- **Task description**: Below are records to write out exactly; drop the pictures when you do.

- **Input**:
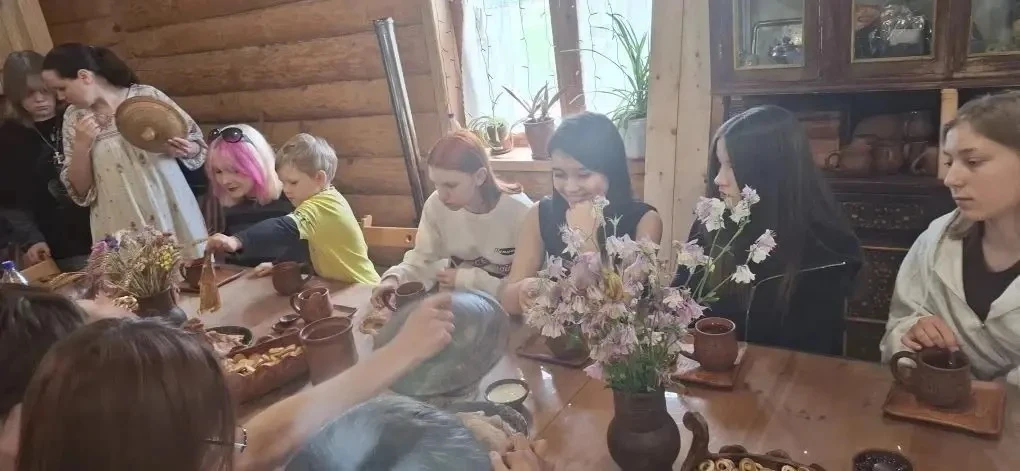 🌟ЛЕТНИЕ КАНИКУЛЫ🌟

🌟Магия глины: 8 "В" класс в гостях у мастера в селе Кошелевка

🌟27 мая для уч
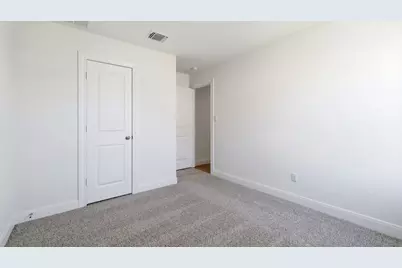 215 Great Northern Drive, Cedar Creek, TX 78612 - Photo 6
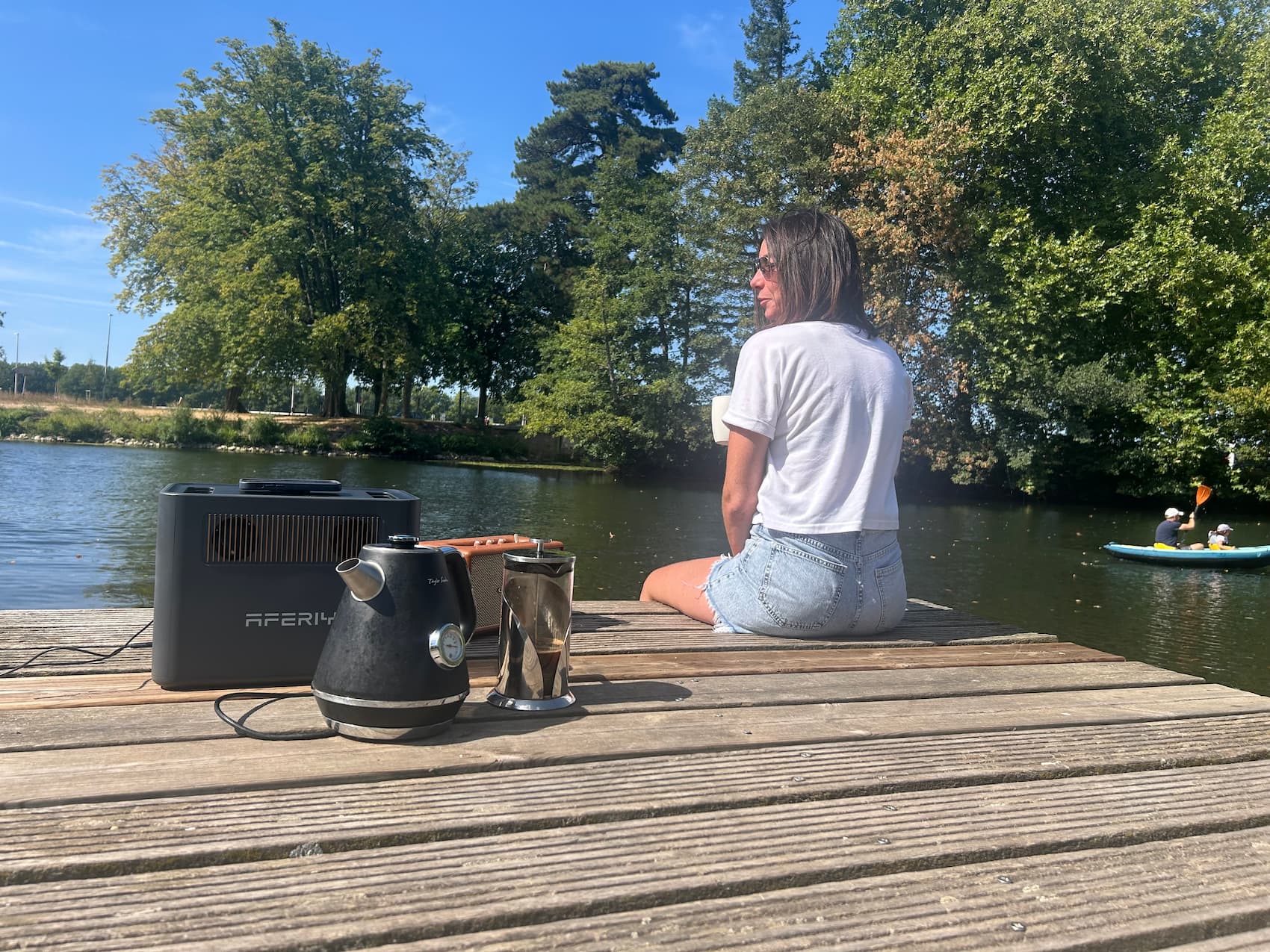 Station AFERIY Nomad1800 Pro posée sur un ponton, alimentant une bouilloire électrique au bord d'un lac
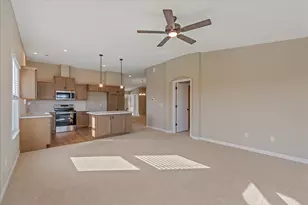 532 Foxhill Dr, Crescent Springs, KY 41017 - Photo 8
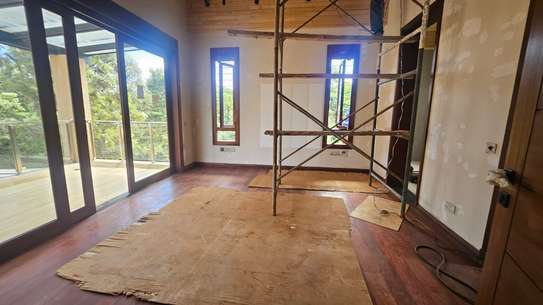 5 Bed Townhouse with En Suite in Runda image 2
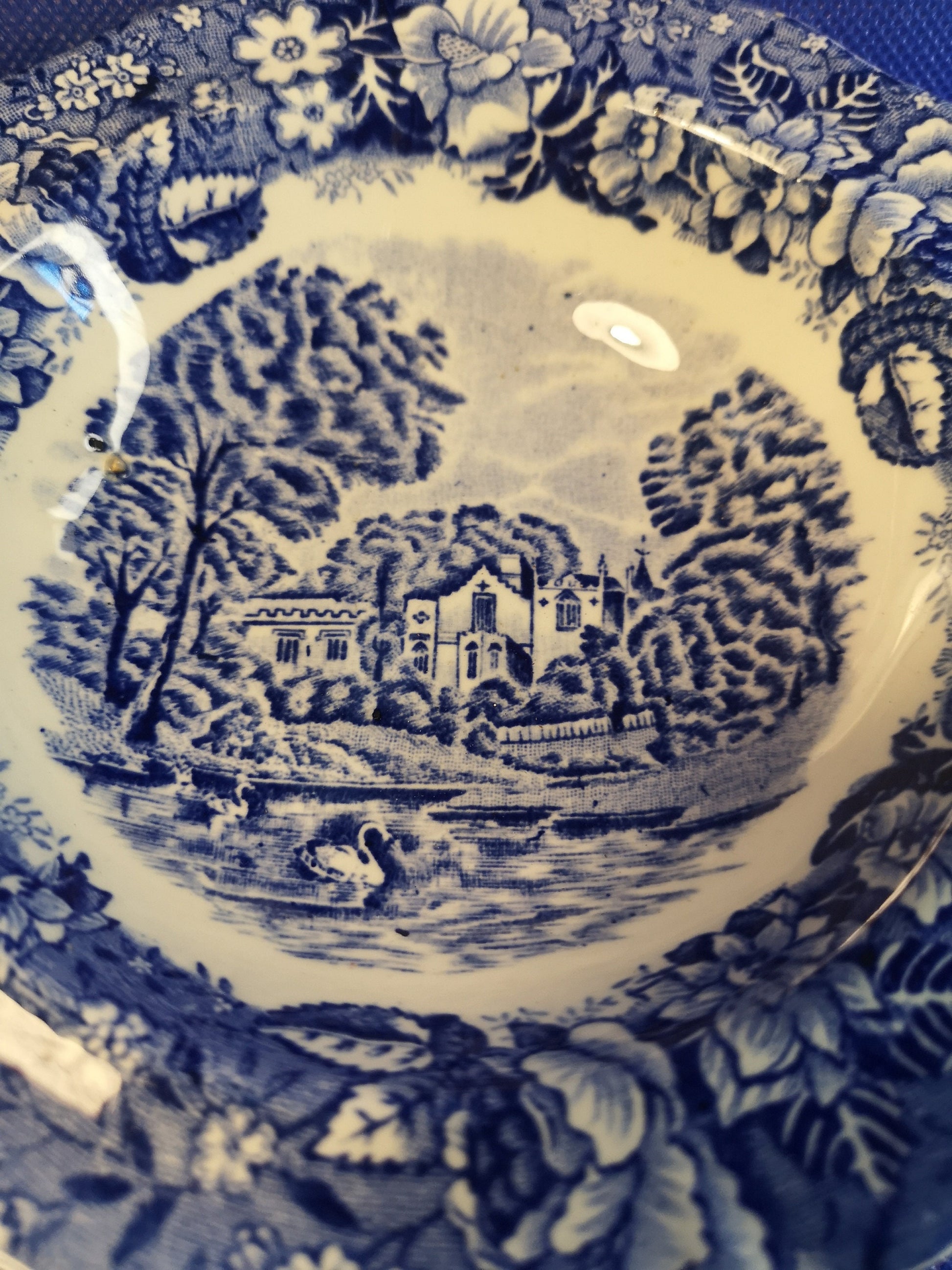 Pallisey Thames river scene bowl 16cm diameter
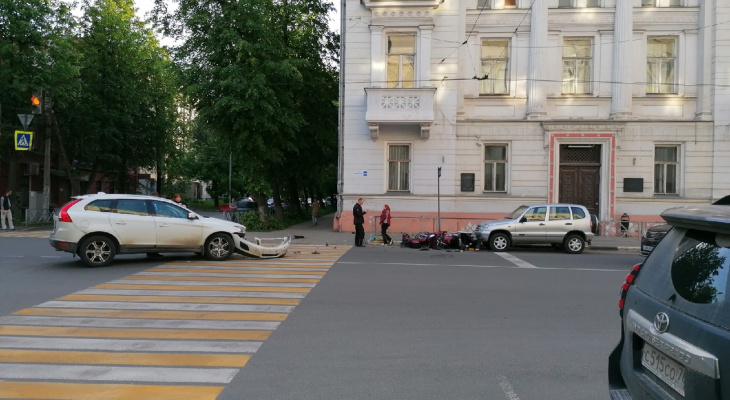 Отлетевший бампер и разлетевшийся мотоцикл: в центре Ярославля произошло ДТП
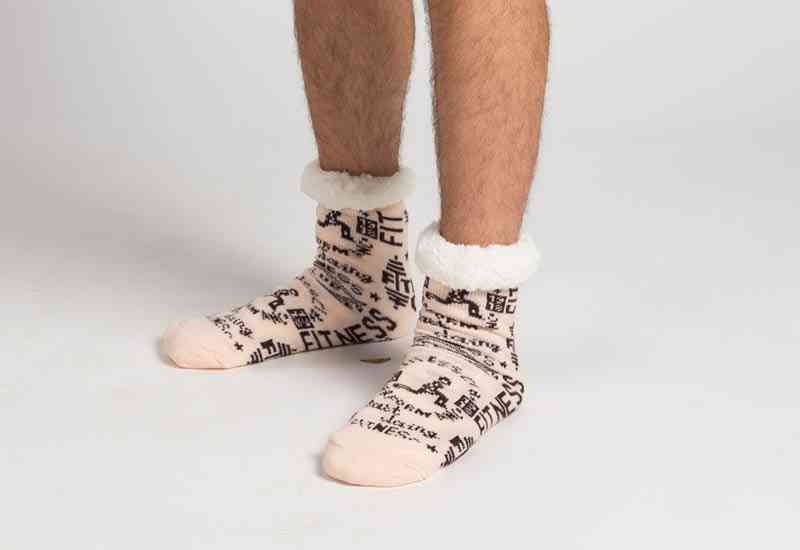 Poklon: mekane čarape u istom stilu.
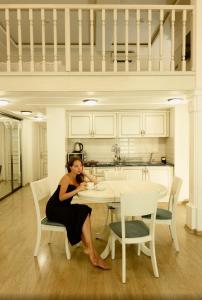 Metro Hotel Apartments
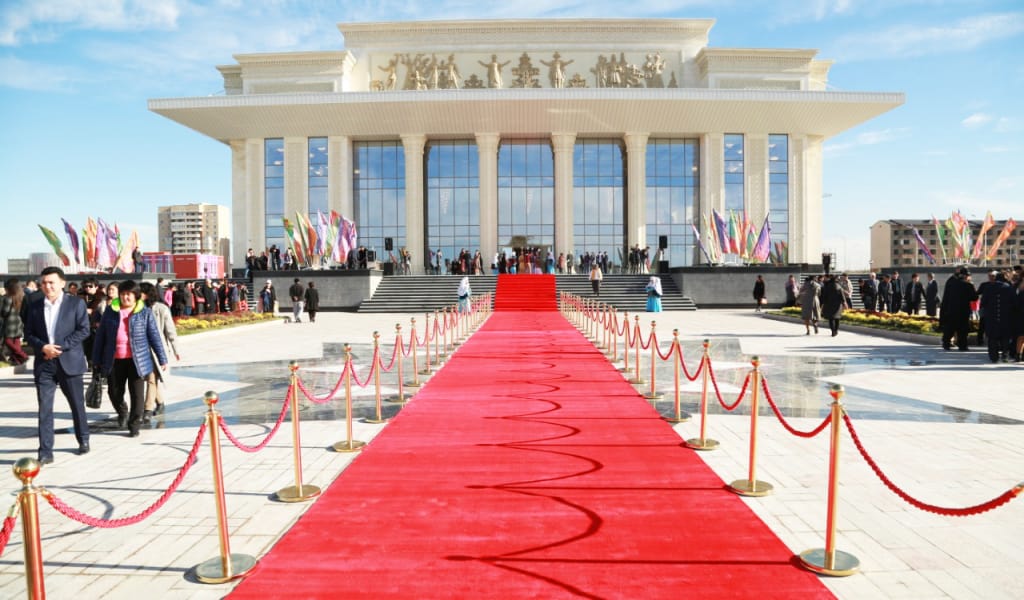 ЖАСУДАН ӨТКЕН АЛТЫН ЖІП немесе Би-апа театры туралы бірер сөз
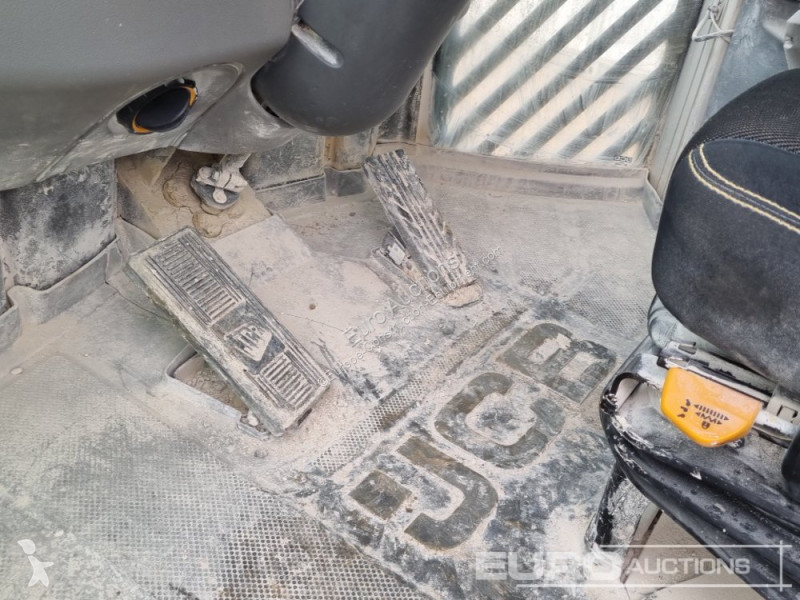 Nakladač JCB 437-55WM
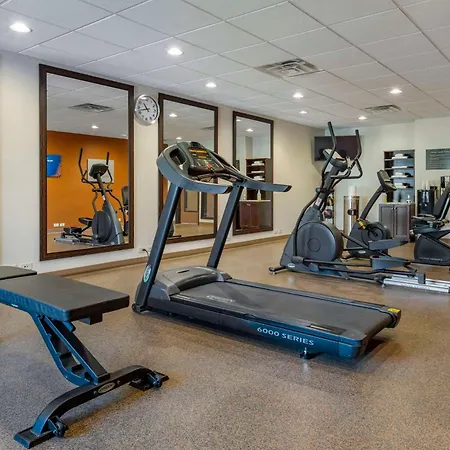 Comfort Suites Bridgeport - Clarksburg-3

- **Task output**:
 🌟ЛЕТНИЕ КАНИКУЛЫ🌟

🌟Магия глины: 8 "В" класс в гостях у мастера в селе Кошелевка

🌟27 мая для уч
 215 Great Northern Drive, Cedar Creek, TX 78612 - Photo 6
 Station AFERIY Nomad1800 Pro posée sur un ponton, alimentant une bouilloire électrique au bord d'un lac
 532 Foxhill Dr, Crescent Springs, KY 41017 - Photo 8
 5 Bed Townhouse with En Suite in Runda image 2
 Pallisey Thames river scene bowl 16cm diameter
 Отлетевший бампер и разлетевшийся мотоцикл: в центре Ярославля произошло ДТП
 Poklon: mekane čarape u istom stilu.
 Metro Hotel Apartments
 ЖАСУДАН ӨТКЕН АЛТЫН ЖІП немесе Би-апа театры туралы бірер сөз
 Nakladač JCB 437-55WM
 Comfort Suites Bridgeport - Clarksburg-3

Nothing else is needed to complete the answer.